HarryPlotter repeats the elements of lists that are shorter than the longest list. In case, shorter lists contain only one element, that behaviour is trivial: this element gets duplicated until the number of elements corresponds the length of the longest list (see section Iteration over only one parameter). In case the shorter contains more than one element, the behaviour is still well defined: This full list gets duplicated until the number of elements corresponds the length of the longest list. Example: The shorter list contains two elements a
and b
and the longest list five elements. This results in an expansion of the shorter list to [a, b, a, b, a]
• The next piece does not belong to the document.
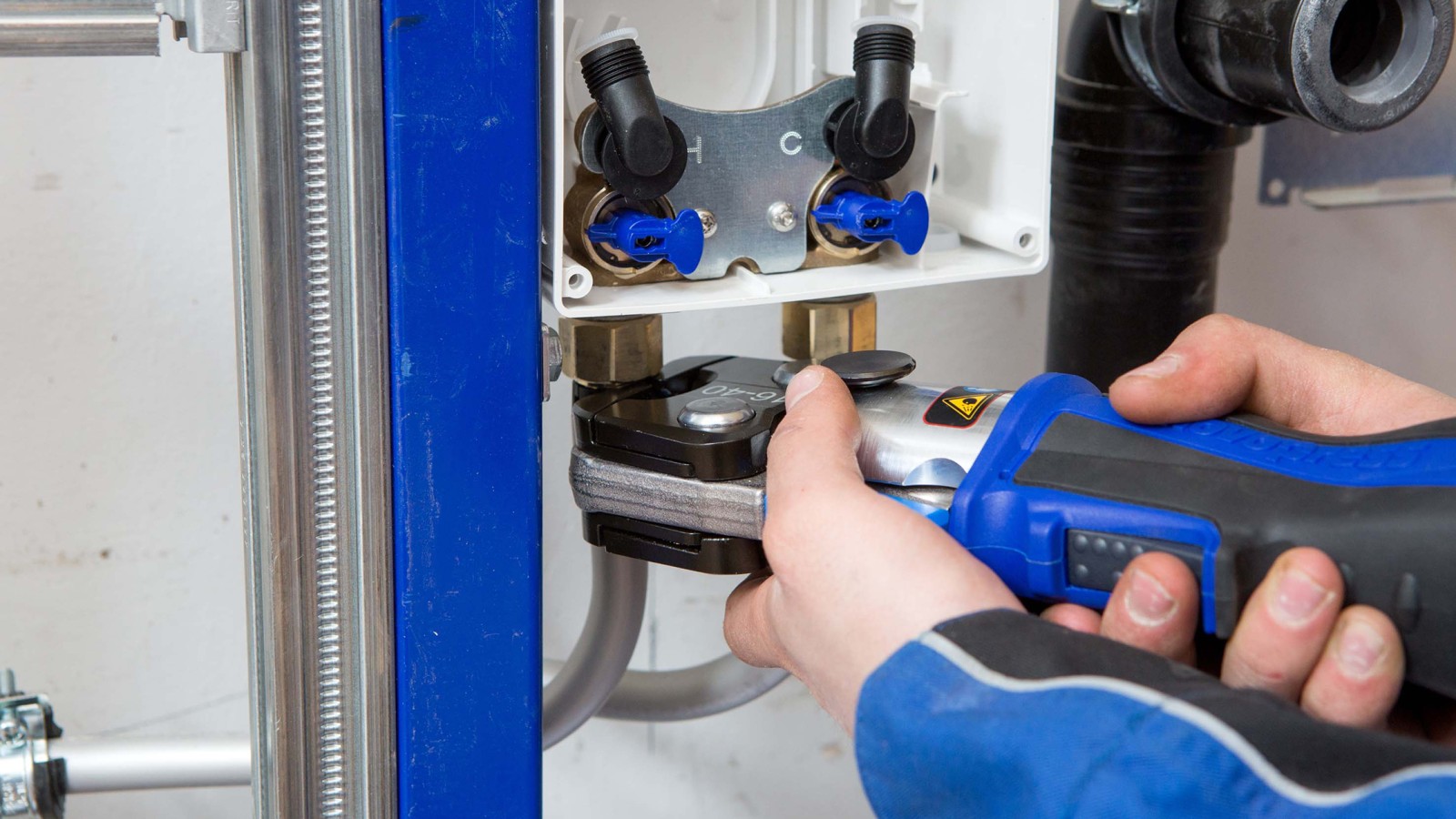 Geberit FlowFit este simplu și rapid de instalat (© Geberit) Geberit FlowFit este simplu și rapid de instalat (© Geberit)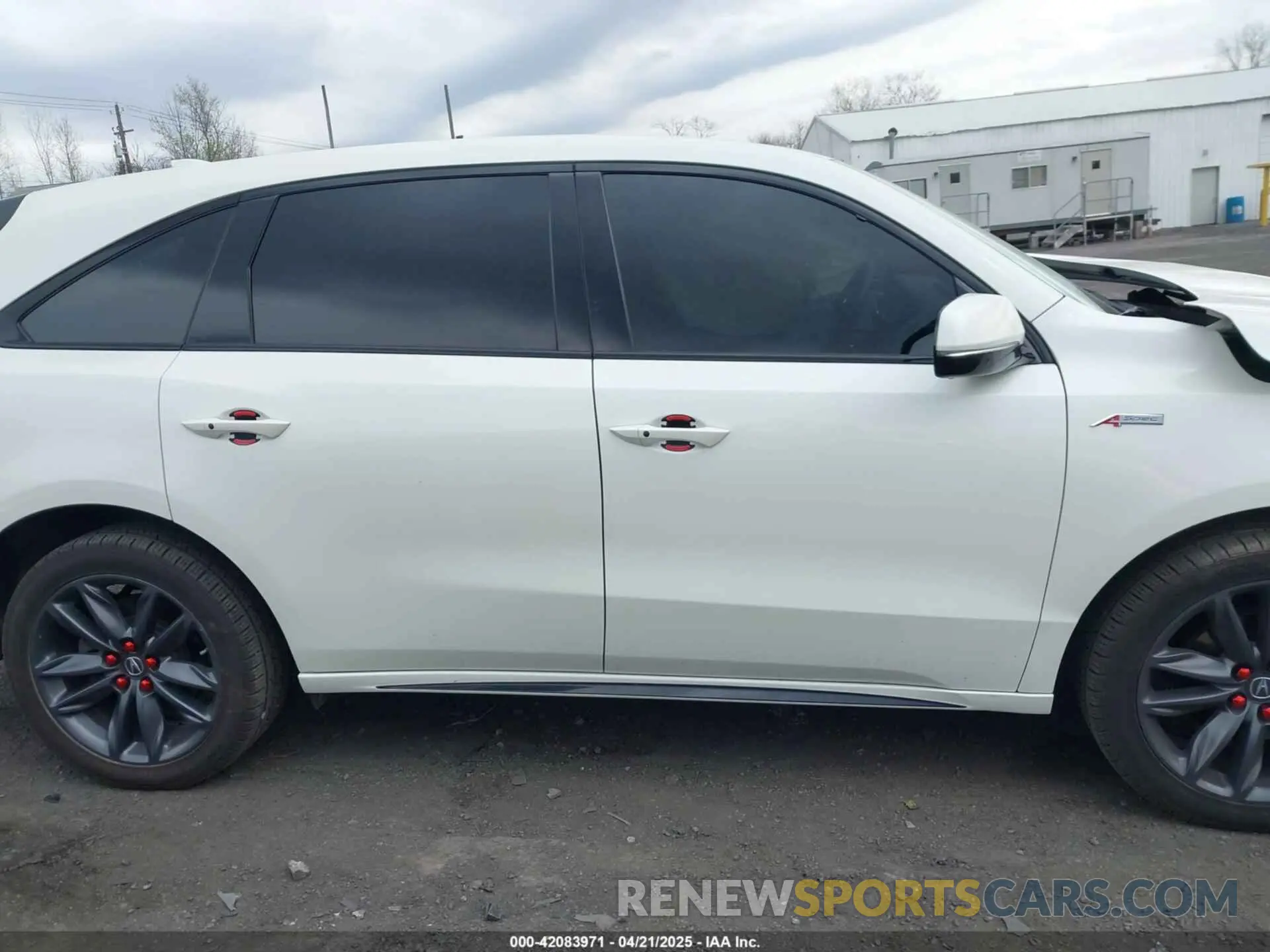 13 Photograph of a damaged car 5J8YD4H0XKL015238 ACURA MDX 2019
. These elements get then matched with the ones of the longest list in the same ordering. In most cases, when a parameter is configured with more than one but less than the number of elements of the longest list, the resulting behaviour is not intended by the user and HarryPlotter assumes a misconfiguration. Therefore the warning is printed.
In the example above, the warning says that the paramters files
and others have a length of 3 (or could be trivially expanded) and the parameter folders
has only two values and therefore gets expanded.
The following example shows a misconfiguration
higgsplot.py -i gaussians3.root gaussians.root gaussians1000.root -f gaussians1 gaussians -x var0
Again, the same warning is given. Debug options --log-level debug
reveal
Item 2:
nicks -> None
x_expressions -> var0
y_expressions -> None
z_expressions -> None
x_bins -> None
y_bins -> None
z_bins -> None
scale_factors -> 1.0
files -> ['gaussians1000.root']
directories -> None
folders -> ['gaussians1']
weights -> 1.0
friend_trees -> None
tree_draw_options ->
that in the last item again the first configured folder
(gaussians1
) is matched to the iteration with files -> [gaussians1000.root]
. As this file does not contain a tree named gaussians1
, the configuration is wrong and an error is thrown later.
ERROR: Could not find ROOT object "gaussians1" in file "gaussians1000.root"! (roottools.py: line 71)
CRITICAL: Error getting ROOT object from file. Exiting. (inputroot.py: line 153)
In other cases, the run of HarryPlotter is still well defined and does fail. However, a possible misconfiguration might be more difficult to notice without this warning.